Drivers along parts of the East Coast piled into gas stations on Tuesday, resulting in long lines and shortages as motorists reacted to what could be a weeklong shutdown of the nation’s largest fuel pipeline because of a cyberattack.
Colonial Pipeline Co., operator of a 5,500-mile conduit for gasoline, diesel and refined products, said Monday it hoped to substantially restore service by the end of the week. It shut the pipeline late last week after a ransomware attack that U.S. officials have linked to a criminal gang known as DarkSide.
We haven’t seen gas lines too often in recent years. I remember those gas lines in the 70s. OPEC was at the height of its powers and while the cartel didn’t conduct ransomware attacks per se, the effect was about the same. It happened the first time in late ’73 and into ’74, right as Watergate was starting to gain traction, and then again in 1979, when many of my friends were getting their driver’s licenses. We were eager to start cruising the main drag, but gas was hard to find at times, limiting our early forays into car culture and adulthood.
In the middle of that summer (July 15, to be precise) Jimmy Carter gave his infamous “malaise” speech. While the chattering classes were supportive, Carter’s hangdog expression and mien sent an unmistakable message of weakness, which other players noticed. Weak politicians don’t prosper, so Carter blew up his career that evening.
A few days earlier, a Chicago disc jockey Steve Dahl had blown up a large box of disco records at Comiskey Park, starting a melee that tore up the field and causing the White Sox to forfeit the second game of a scheduled doubleheader. About a month later, members of the provisional IRA assassinated Lord Mountbatten, detonating a bomb on his boat while he was out sailing with members of his family. One way or another, it seemed like things were about to blow in that summer of ’79.

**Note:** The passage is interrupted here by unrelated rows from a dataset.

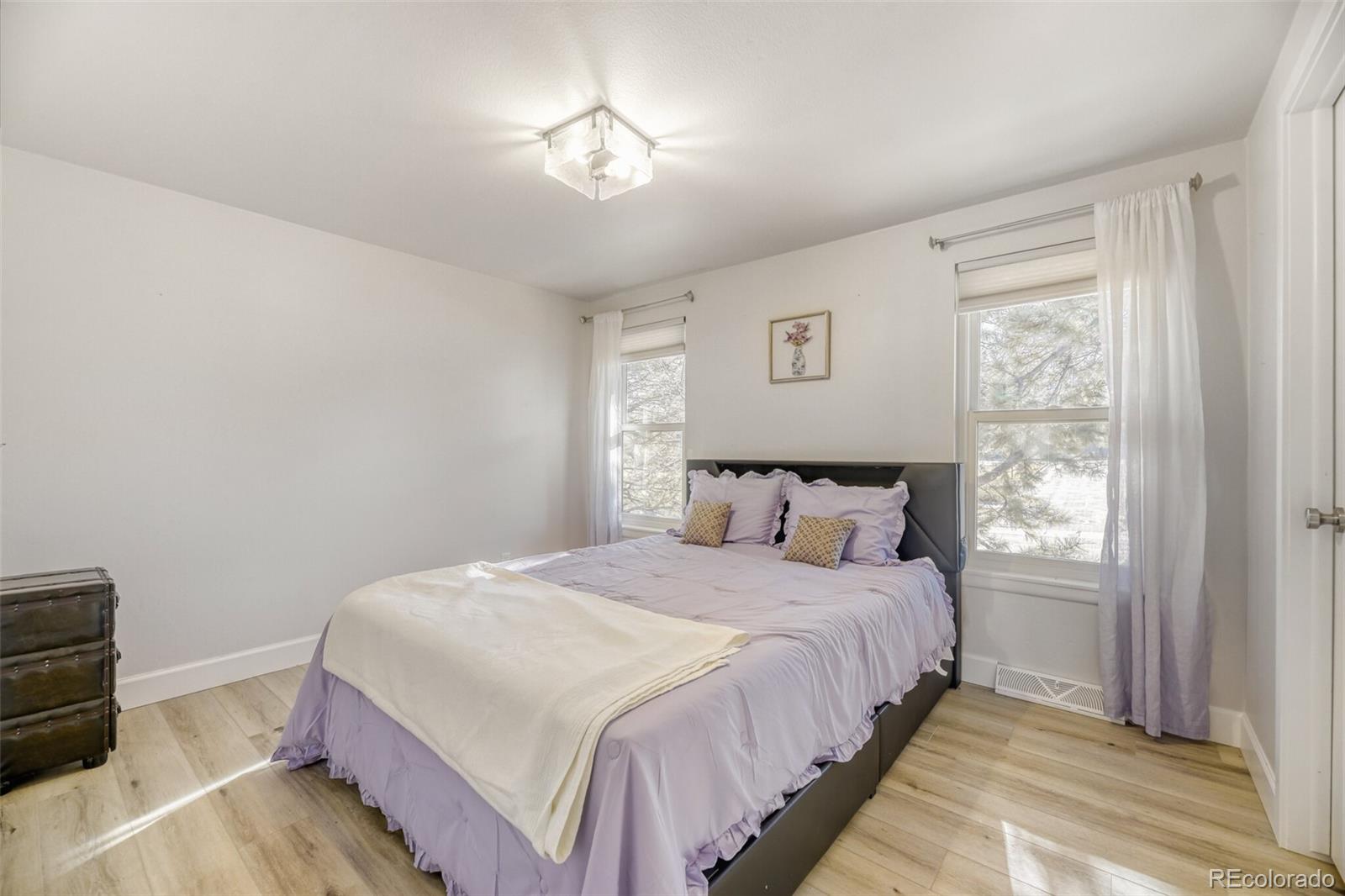 MLS Image #19 for 8077 s quince circle,centennial, Colorado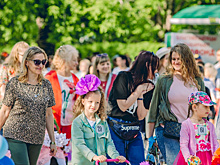 Благовещенску исполняется 167 лет: программа мероприятий на День города
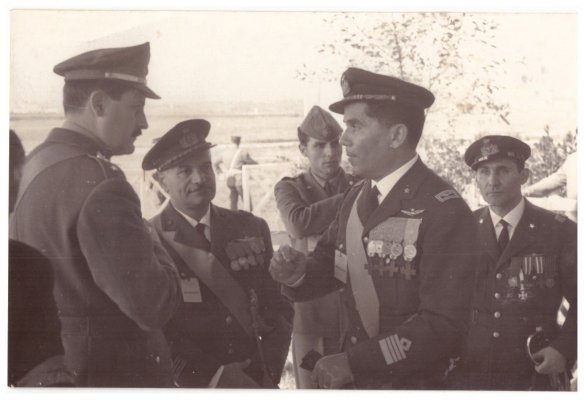 ф s-сl1600.jpg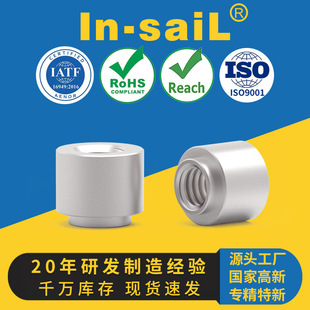 PCB���NƬ��ĸ SMT�NƬ���x���� SMD�����a�·����N�Ӿ�����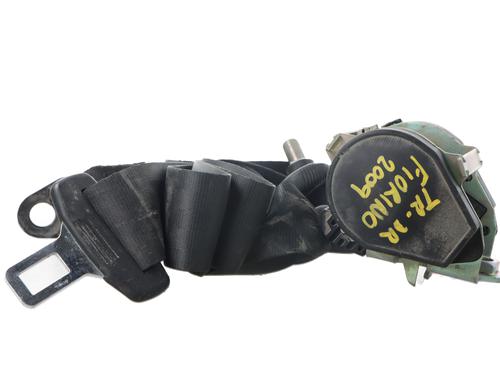 Sikkerhedssele bag højre FIAT QUBO (225_) 1.4 (225AXA1A) (73 hp) 32473330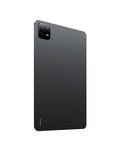 Tablet - Slim Design, Black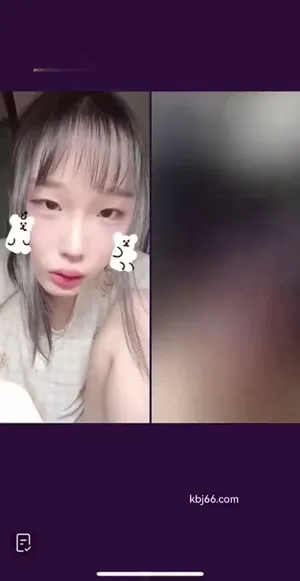 신작 이런귀염 틱톡녀 라방 꼭까 - 인기 한국야동 국산야동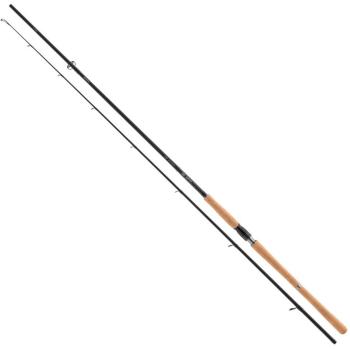 Daiwa prut pro staff  2.50m 40-100g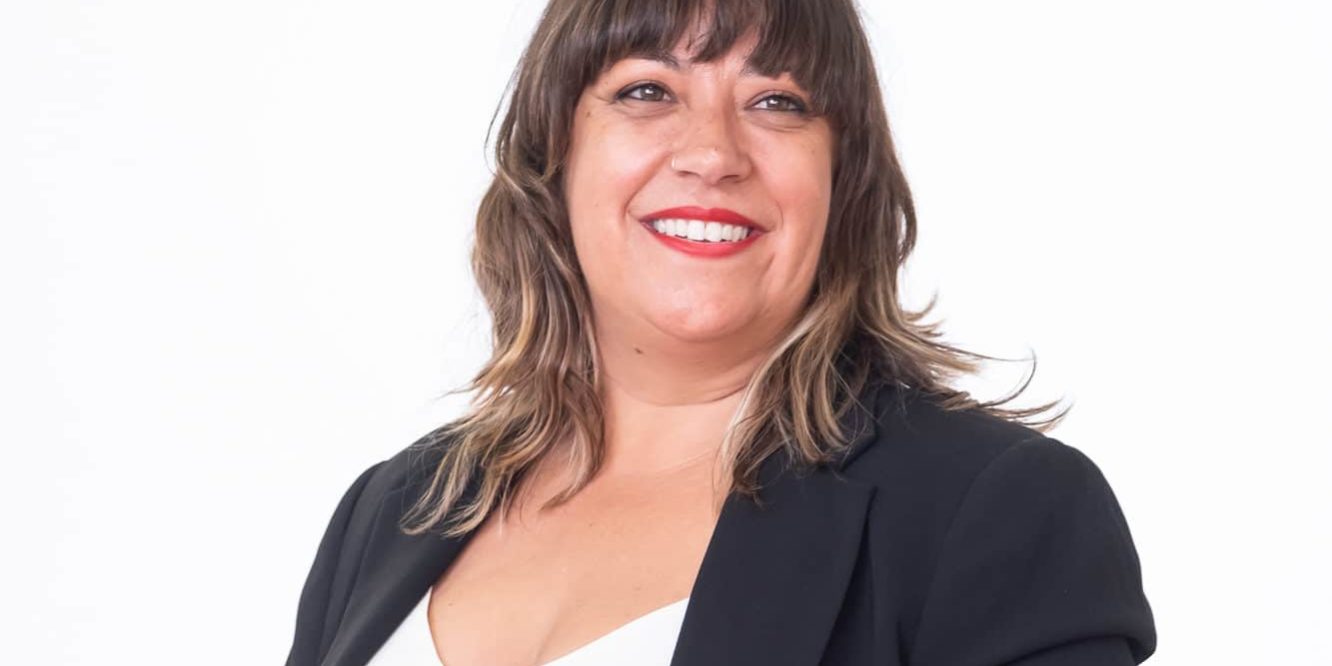 Idaira Afonso 4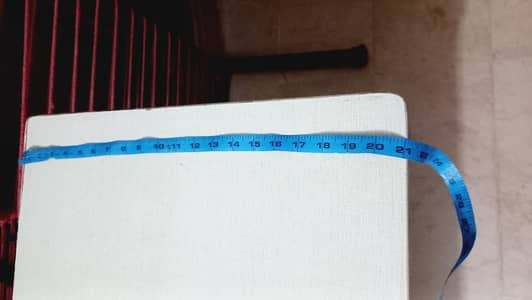 Table For Sale contact# (03006756727)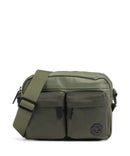 Strellson Wood Street Odd Torba preko ramena khaki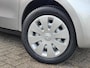 smart Forfour 1.0 Pure Cruise Bluetooth Airco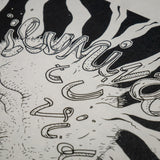 HÉCTOR VENTURA | Ilumina tu vida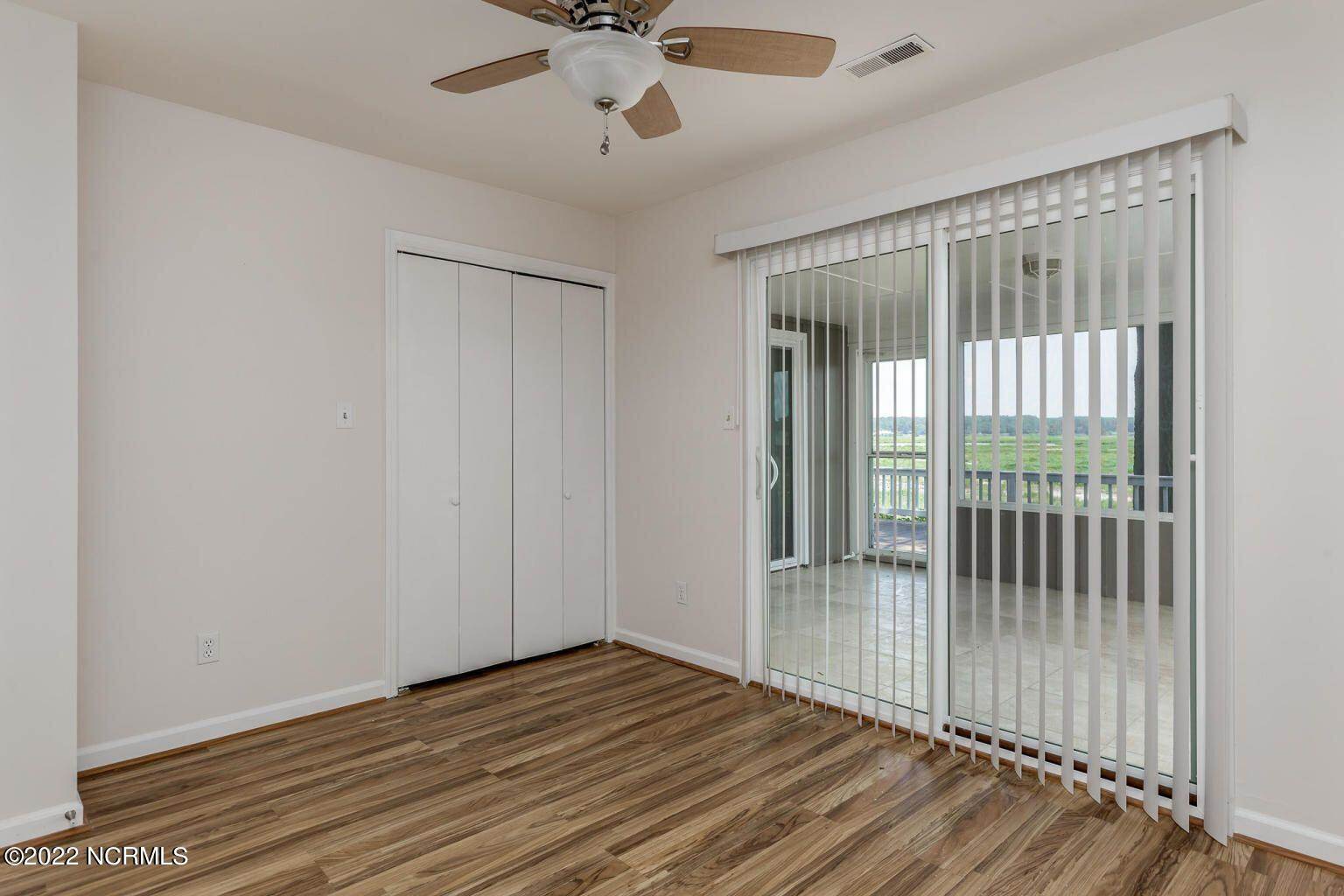 647 Castleberry Court, Vass, NC 28394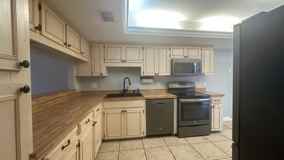 1532 N Carolwood Blvd - Photo 1 of 1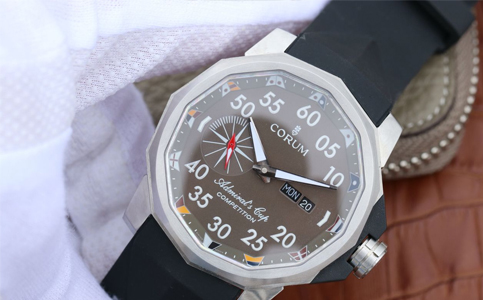 深圳昆侖手表售后維修服務(wù)地址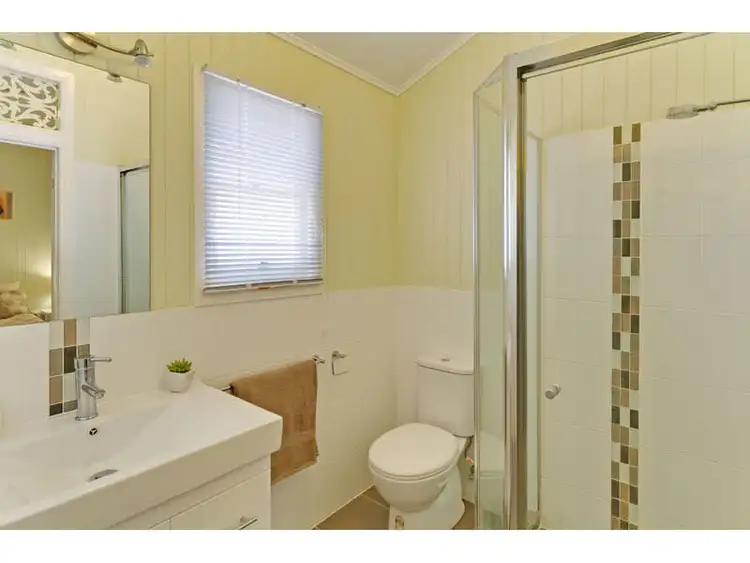 Seventh view of Homely house listing, 18 High St, Highgate Hill QLD 4101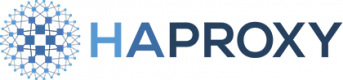 Türkiye Merkezli HAProxy Eğitimleri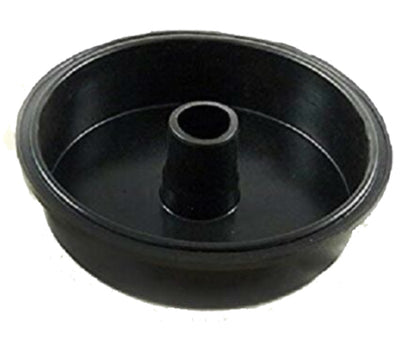 NOR EAST CONTROLS 30067439-890 DIAPHRAGMS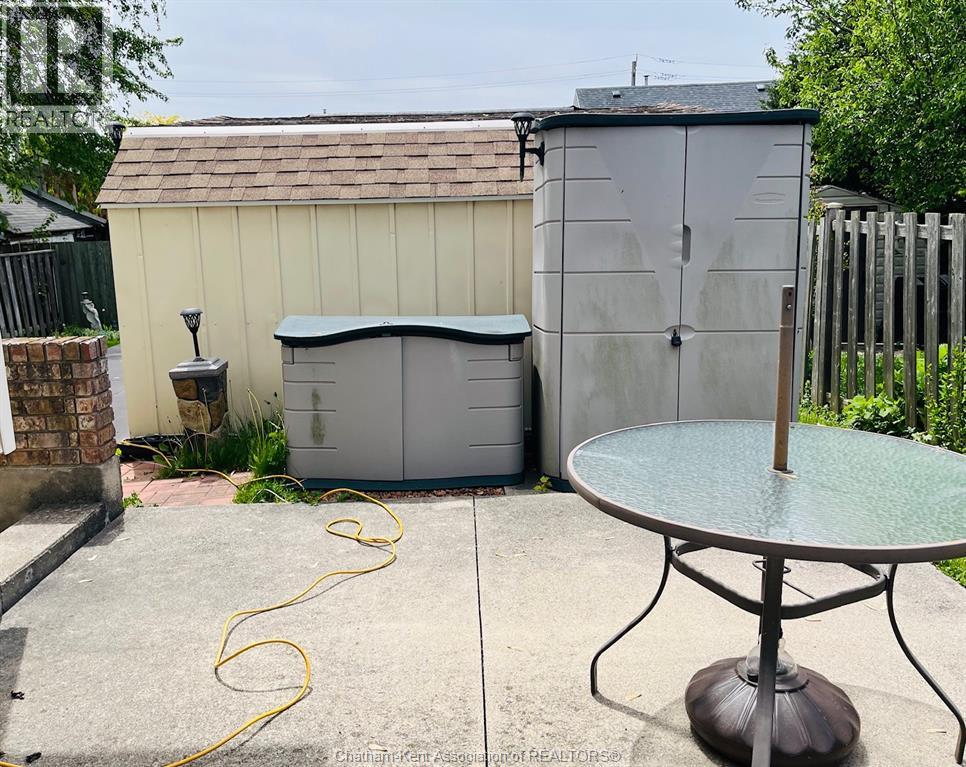 89 Bruinsma Avenue, Wallaceburg, Ontario  N8A 5C5 - Photo 40 - 26011315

We’re more than forty years on. Tensions have been high lately, but it’s been calm since the jury came back against Derek Chauvin. It’s likely our current gas shortage will be temporary and may not directly affect the Upper Midwest at all. History does not necessarily repeat, but it’s easy to sense weakness in our leaders at all levels of government. Some have already noticed. Joe Biden was on the scene in 1979, so I’d like to believe he was paying attention. Summer’s coming. I hope it doesn’t blow.